Kebijakan relaksasi juga harus diiringi dengan hal lainnya.

Totok Lusida./Dok. Pribadi

Industri sektor properti memiliki keterkaitan dengan 170 usaha lainnya. Lihat saja, ketika ada orang yang membeli rumah. Pasti mereka akan mengupayakan membeli perabotan, saniter maupun alat pembersih baru.  Tidak heran kalau industri sektor properti kerap menjadi salah satu indikasi dari membaiknya perekonomian suatu negara.

Perkembangan industri properti juga memiliki kaitan erat dengan sektor perbankan. Dimana sekitar 90% dari masyarakat yang membeli properti mempergunakan jasa perbankan. Tidak heran kalau kenaikan suku bunga acuan akan mempengaruhi kemampuan masyarakat membiayai cicilan pembelian rumah atau membeli properti.

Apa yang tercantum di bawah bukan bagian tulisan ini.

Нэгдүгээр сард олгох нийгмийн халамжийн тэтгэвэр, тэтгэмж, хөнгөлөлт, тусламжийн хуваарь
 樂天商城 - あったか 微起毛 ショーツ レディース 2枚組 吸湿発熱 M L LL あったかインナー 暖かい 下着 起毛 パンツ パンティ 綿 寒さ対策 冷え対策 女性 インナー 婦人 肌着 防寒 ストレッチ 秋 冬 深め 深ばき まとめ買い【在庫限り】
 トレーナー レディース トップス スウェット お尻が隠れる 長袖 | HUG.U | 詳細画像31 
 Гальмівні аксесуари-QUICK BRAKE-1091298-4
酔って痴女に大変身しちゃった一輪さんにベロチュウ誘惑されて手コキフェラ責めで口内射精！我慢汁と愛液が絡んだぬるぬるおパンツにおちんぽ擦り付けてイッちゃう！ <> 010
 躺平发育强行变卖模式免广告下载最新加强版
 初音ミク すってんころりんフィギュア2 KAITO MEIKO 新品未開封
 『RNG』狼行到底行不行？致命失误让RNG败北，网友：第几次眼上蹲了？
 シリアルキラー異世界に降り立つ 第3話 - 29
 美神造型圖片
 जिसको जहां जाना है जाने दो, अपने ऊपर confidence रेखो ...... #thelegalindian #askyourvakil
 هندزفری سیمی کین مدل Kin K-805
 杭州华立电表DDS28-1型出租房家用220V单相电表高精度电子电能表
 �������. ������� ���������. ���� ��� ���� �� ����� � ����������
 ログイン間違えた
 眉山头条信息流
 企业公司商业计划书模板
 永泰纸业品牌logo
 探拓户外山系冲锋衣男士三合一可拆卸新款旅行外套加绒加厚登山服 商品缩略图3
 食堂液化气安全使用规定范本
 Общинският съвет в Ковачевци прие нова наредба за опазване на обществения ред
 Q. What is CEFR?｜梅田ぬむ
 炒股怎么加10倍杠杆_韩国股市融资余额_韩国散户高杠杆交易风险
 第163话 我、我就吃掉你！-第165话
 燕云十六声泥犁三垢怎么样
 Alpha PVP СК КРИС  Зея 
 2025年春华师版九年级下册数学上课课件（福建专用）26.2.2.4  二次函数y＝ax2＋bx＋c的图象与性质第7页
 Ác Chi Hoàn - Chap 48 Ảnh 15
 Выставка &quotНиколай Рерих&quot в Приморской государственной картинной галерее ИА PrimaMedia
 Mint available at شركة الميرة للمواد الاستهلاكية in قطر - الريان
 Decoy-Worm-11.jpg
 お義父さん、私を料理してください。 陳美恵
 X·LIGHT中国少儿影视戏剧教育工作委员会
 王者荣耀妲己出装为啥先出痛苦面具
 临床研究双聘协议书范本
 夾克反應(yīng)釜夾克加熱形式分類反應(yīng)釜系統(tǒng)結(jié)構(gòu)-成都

Itulah sebabnya, relaksasi yang dilakukan Bank Indonesia terhadap sektor properti menjadi hal yang penting untuk meningkatkan industri ini. Pemberlakuan uang muka 0% terhadap rumah pertama dan 10-20% terhadap rumah kedua yang akan diterapkan Bank Indonesia pada Agustus diharapkan bisa mengerek industri properti. Apalagi mereka yang membeli sektor properti bukan hanya pengguna, tetapi juga investor. 

Tetapi tentunya kebijakan relaksasi juga harus diiringi dengan hal lainnya. Khususnya pada bidang perpajakan dan perizinan. Perpajakan misalnya, dalam prosesnya ada indikasi overlapping ke arah hukum yang membuat proses pembangunan proyek properti menjadi terhambat. Hal nyaris serupa juga dialami pengembang pada saat mengurus perizinan.

Tidak heran kalau proses proyek properti yang seharusnya bisa dilakukan dalam dua tahun bisa molor menjadi lebih dari itu. Itu jelas membuat industri sektor ini menjadi kurang kondusif. Padahal dalam kondisi seperti sekarang, semua sumber daya harus digerakkan dengan cepat agar pertumbuhan ekonomi berjalan seperti yang diharapkan.